You could call our lives full of delightful analysis, or empty, but I think your lot would prefer to call them empty, because usually there isn't any saas bahu angle to our thoughts. Nor the snotty kids.

VK said...

the space is getting too personal...controversies are good...scandals are better!!!

sandhya said...

Just chanced upon this post, and had the laugh of my life. VK: you said it! :D tee hee!

Anonymous said...

I have to say, this was a piece of pretty snotty writing. What or who gives you the right to feel so superior? Okay, so you have an imagination.

Big deal. You also have a horrible elitist attitude.

Something about the middle class that stifles the imagination. Indeed. Because everyone "middle class" has no personality and no opinion.

Thank you for affirming your true self. Why don't you go live in Goa with the goras who share your derision for the Indian middle class?

applepiecrust said...

Um, not sure I'd actually want to be around book-lovers that live lives like Anna Karenina's or Raskolnikov's. Because, really, depression, much? Now, Clarissa Dalloway I might take, or wait, is that too middle class for you?
And the Deli middle classes... hmm... wait, are you really not a part of those very classes? Of course, here I am talking about the middle classes as a socioeconomic section of the populace of the city. Besides, while loud crass people can be terrifyingly annoying, and annoyingly terrifying, this condescending tone towards the middle classes in general and a certain part of the middle class in particular ("Men with huge paunches and hanging chests wore tight tee-shirts (just as they do in Preet Vihar's malls) while their bosomy women blinded my eyes with Christmassy sarees, look-I'm-on-holiday straw hats, and cameras in place of mangalsutras") smacks of elitism. Intellectual elitism, maybe, but elitism nevertheless.
Now, I like reading my translated Tolstoi and Dostoevsky while sipping my chai latte as much as the next "intellectual" snob, but that does not mean I necessarily condone the sort of snobbery I practice. Oops, hypocrisy. Which is the very thing you are guilty of.

aman said...

@applepiecrust: i was severely tempted to respond with a 'hear, hear', but...

the assumption that you or anyone else is somehow 'intellectually' elite because you read a dead russian is somehow jarring. the fact that any of us can actually read by itself puts us in a rarefied demography. it is by no means reason to claim elitism. maybe you should check up on the educational qualifications of most of the middle class. you will find that they're all graduates. most found something better to do than sit around all day like you and me reading what dead men have to say. that we have nothing better to do is fairly obvious not only from Mr. Soofi's post, but also from the time we've spent here, commenting.
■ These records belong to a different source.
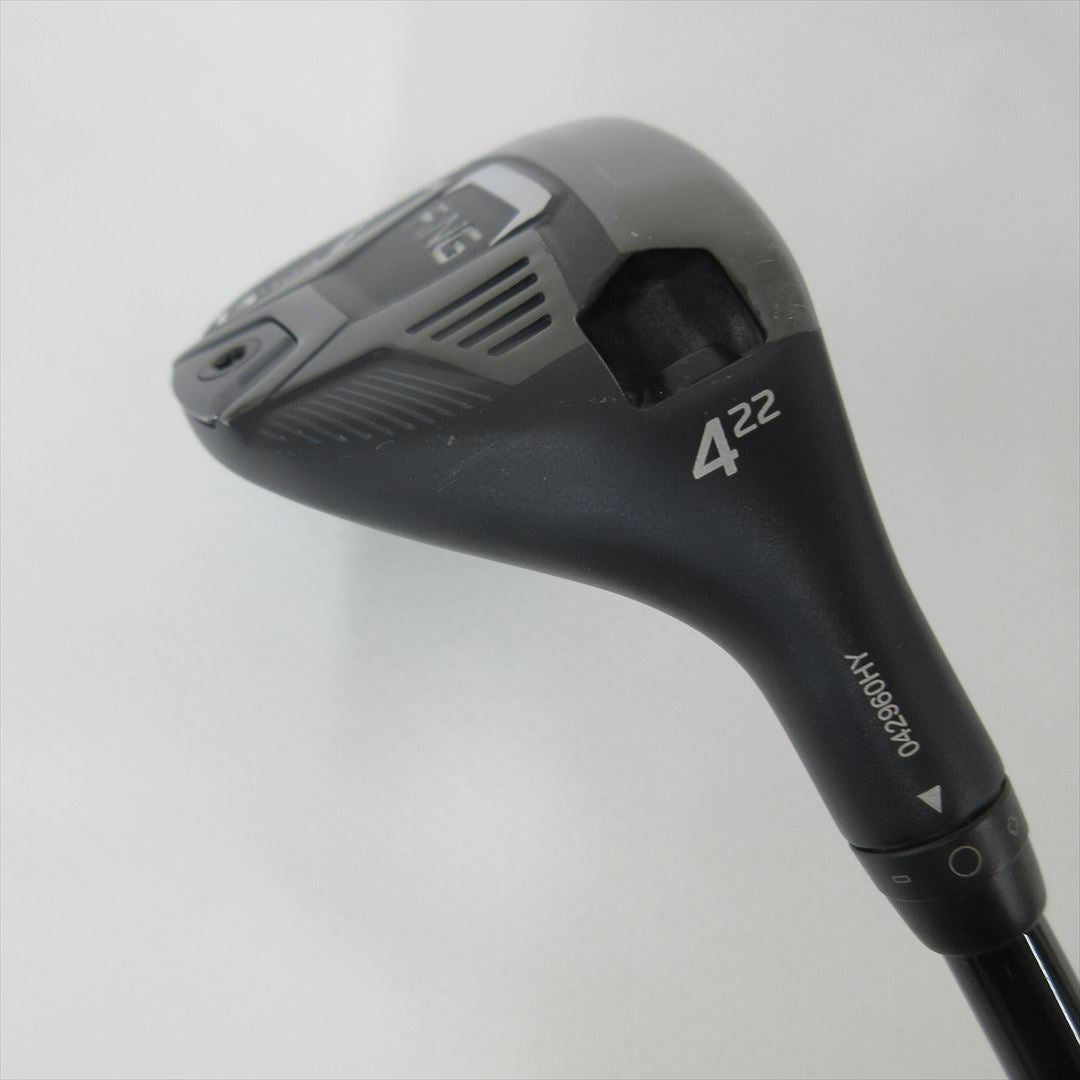 Ping Hybrid G425 HY 22° Regular ALTA DISTANZA BLACK 40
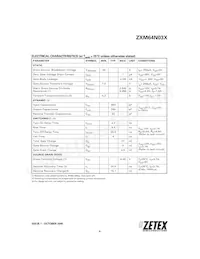 ZXM64N03XTC數據表 頁面 4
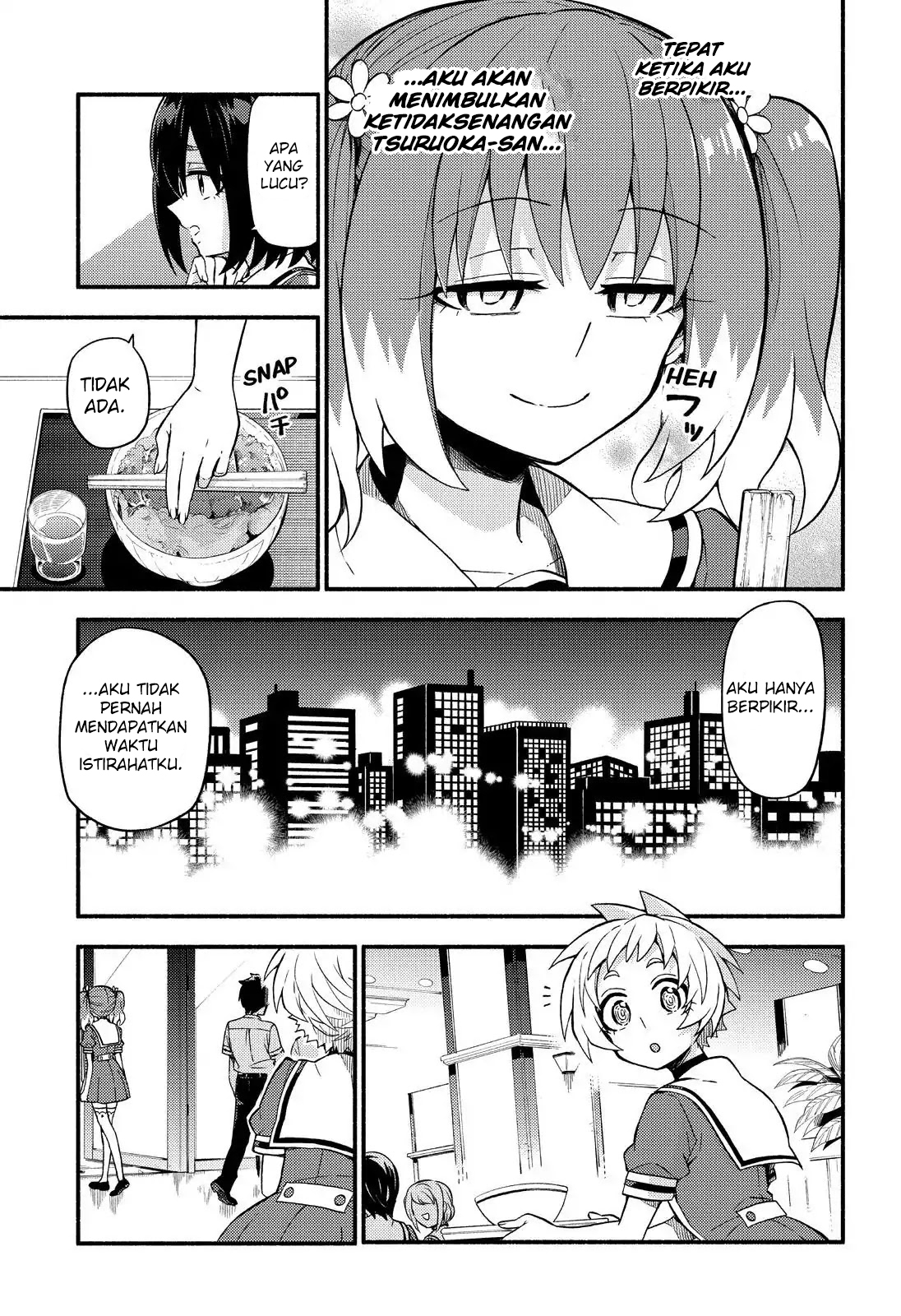 Munou na Nana Chapter 40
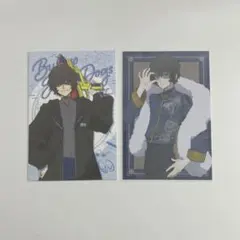 文豪ストレイドッグス 太宰治 ポストカード 2点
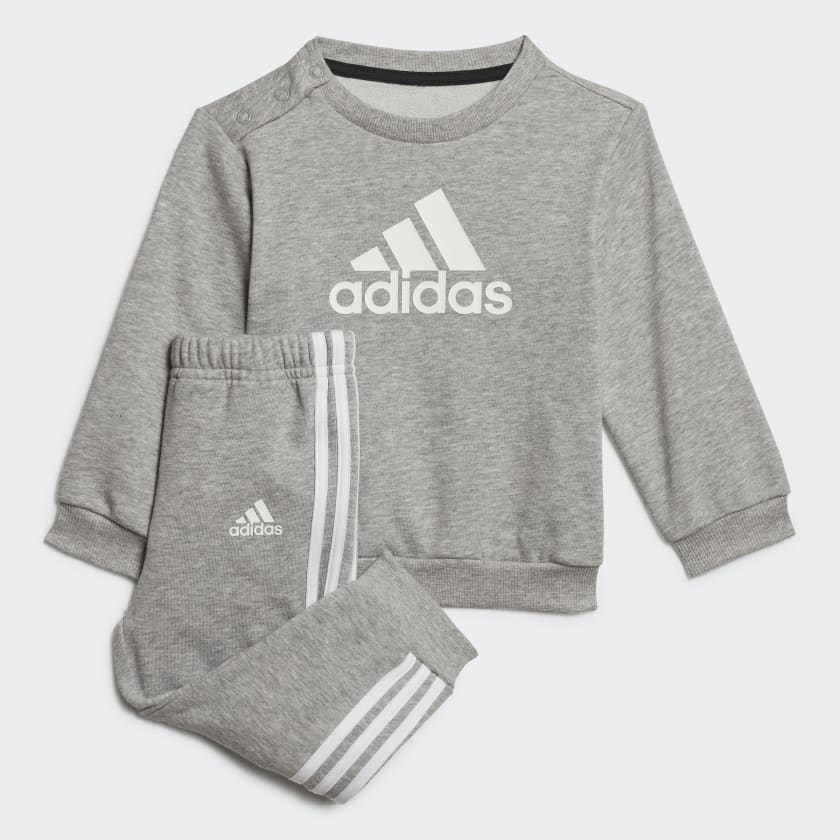 Conjunto outlet adidas gris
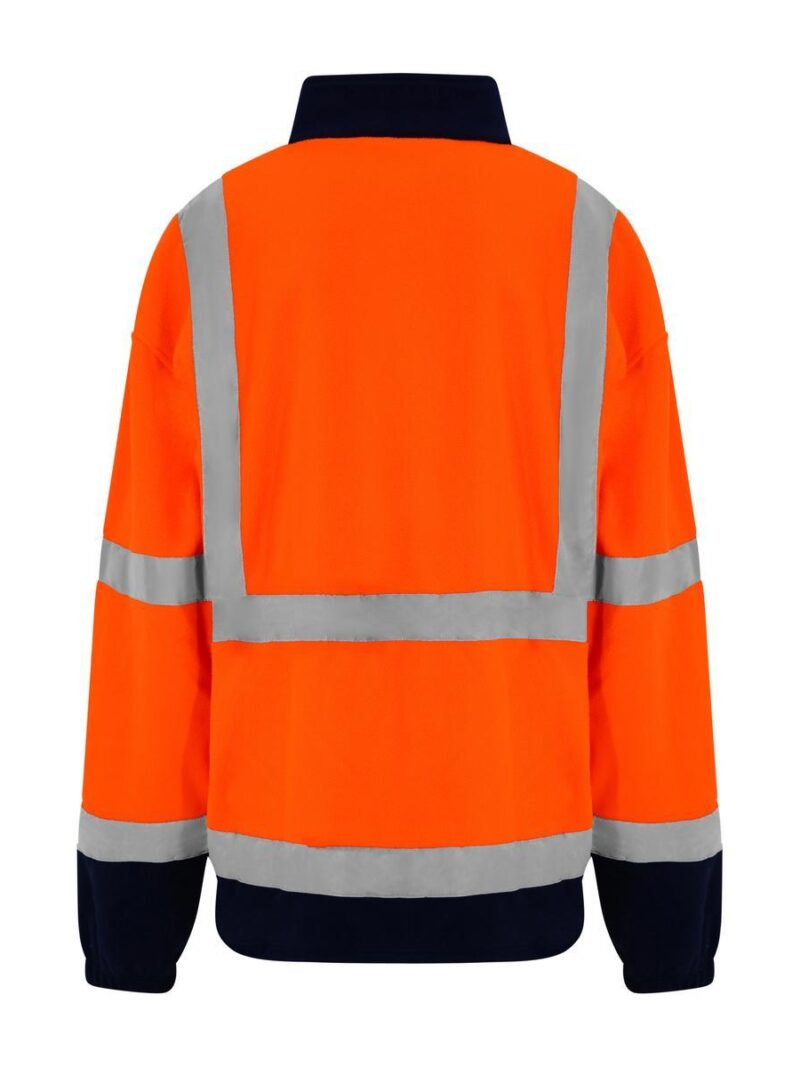 High visibility full-zip fleece - Image 5
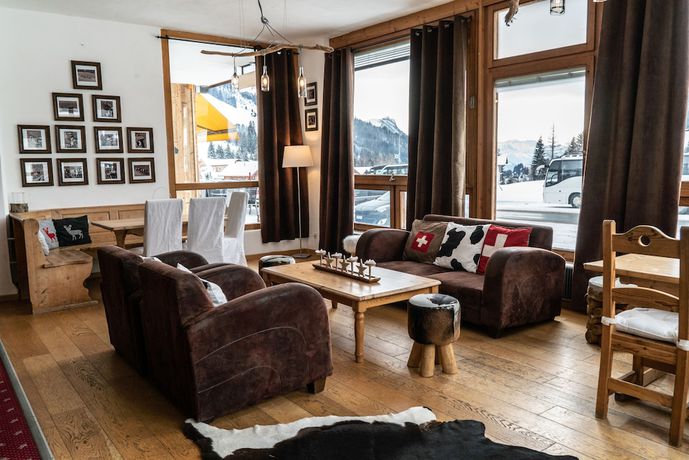 Imagen de los interiores del Hotel Relais Alpin. Foto 11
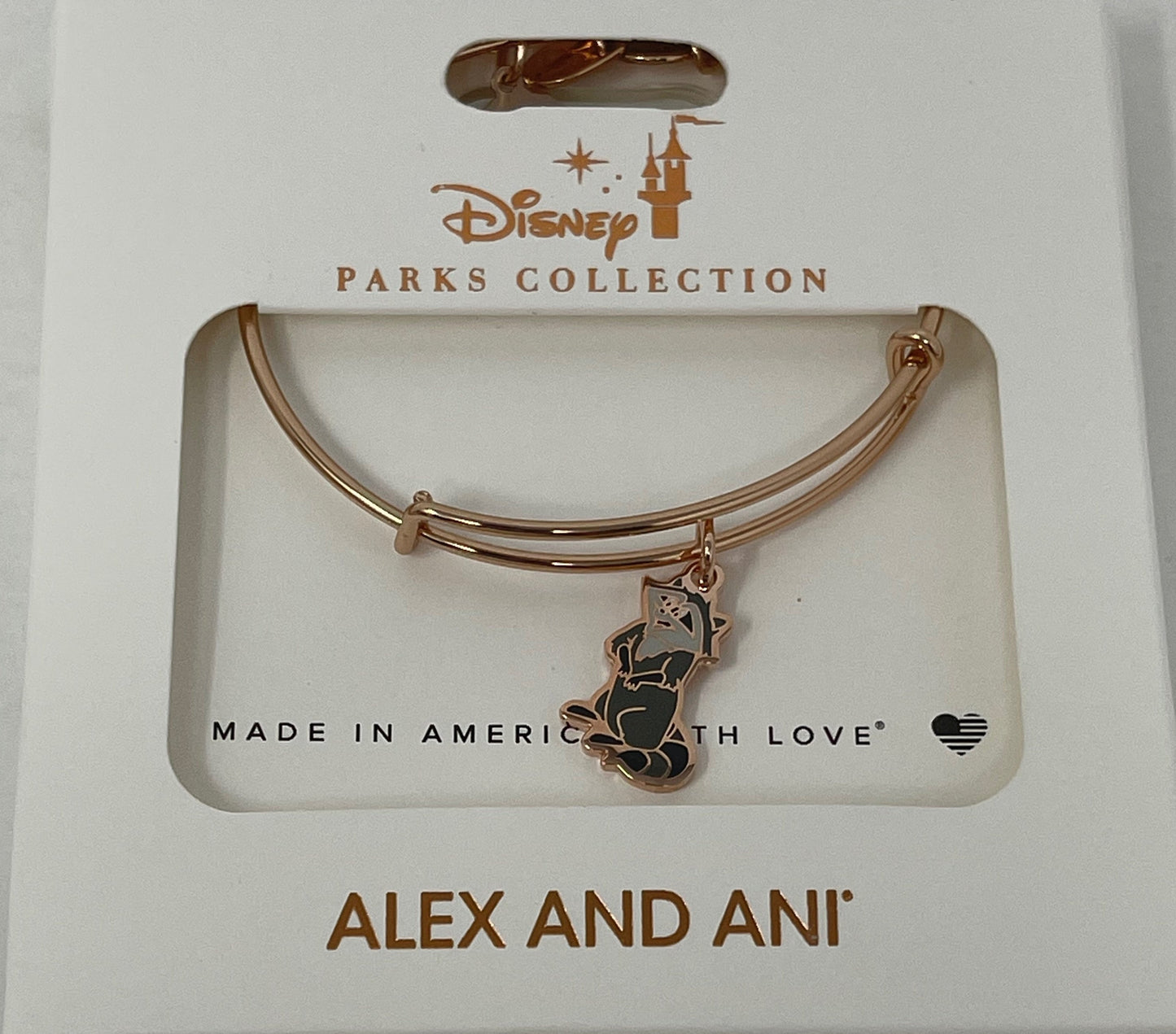 Disney Pocahontas Meeko Bangle by Alex and Ani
ofcourse, i've found its utterly useless to say this.

(outside of this, i really have no argument with what you. i agree with everything you're saying.)

Anonymous said...

Right. So here we have a man who, a week ago, was, or was on the way to being, everything that the hit-by-this-article middle class people are. And he sort of loved it.
But now, says he, ..like you and me reading what dead men have to say... thereby grouping himself with 'us' - the ones who don't love the paunches and the mangalsutras and the rest of it.
So that's neither here nor there, that is to say, very middle.

Poko said...

I liked your description of the tight t shirt wearing men in preet vihar malls, haha...sensational!!

ladyashlee said...

Hello!

While I'm all for intellectual snobbery and elitism (and indulge in it far too much myself), I don't think the middle class stifles the imagination. Too much intellectual pretension is as stifling to the imagination as is the mundane world of the middle-classes.

There is a strange sort of beauty in seeing those pot-bellied men, camera-toting wives and grubby children. Their chloroformed existence is often merely a mask, for thoughts they they simply don't dare to think. More than meets the eye, perhaps?